Au sommet du mont Carly, les skieurs ajoutent une couche de vêtements et s’assoient face aux cimes enneigées pour une pause déjeuner, ci-dessus. À la suite des recommandations de l’encadrant du CAF[9], les pratiquants plantent leurs skis en respectant une orientation précise. Leurs couleurs vives tranchent avec la blancheur du manteau nival. Plantés, ils ne risquent aucunement de dévaler la pente ; les semelles à l’abri du soleil car ce dernier, en les réchauffant, provoque la formation de bloc de glace sous les skis. L’agencement spatial qui découle de ce geste préventif peut être lu comme une prise en compte des interactions potentielles avec les éléments abiotiques.

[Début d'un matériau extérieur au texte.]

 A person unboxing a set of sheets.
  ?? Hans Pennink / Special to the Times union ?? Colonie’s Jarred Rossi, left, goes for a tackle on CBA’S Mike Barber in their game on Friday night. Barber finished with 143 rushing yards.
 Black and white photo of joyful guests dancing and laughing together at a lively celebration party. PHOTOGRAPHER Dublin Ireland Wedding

Ce geste, c’est aussi le fruit d’un savoir-faire conséquent à de multiples expériences des effets de la neige et de la chaleur sur les skis.

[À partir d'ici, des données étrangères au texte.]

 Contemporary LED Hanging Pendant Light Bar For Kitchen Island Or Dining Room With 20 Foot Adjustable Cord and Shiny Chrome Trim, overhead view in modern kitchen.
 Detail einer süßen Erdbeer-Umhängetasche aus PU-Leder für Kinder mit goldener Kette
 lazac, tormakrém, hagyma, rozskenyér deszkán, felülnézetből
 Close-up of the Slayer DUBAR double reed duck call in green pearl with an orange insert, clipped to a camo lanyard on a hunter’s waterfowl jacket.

En définitive, la lecture des relations entre humain.e.s et autres qu’humain.e.s au prisme des Umwelten met en avant l’existence de mondes propres délimités par des signes territorialisants. Ces éléments sémiotiques, qui permettent tout autant de marquer sa propre existence que de la signifier aux autres, apparaissent comme des éléments clés des interactions.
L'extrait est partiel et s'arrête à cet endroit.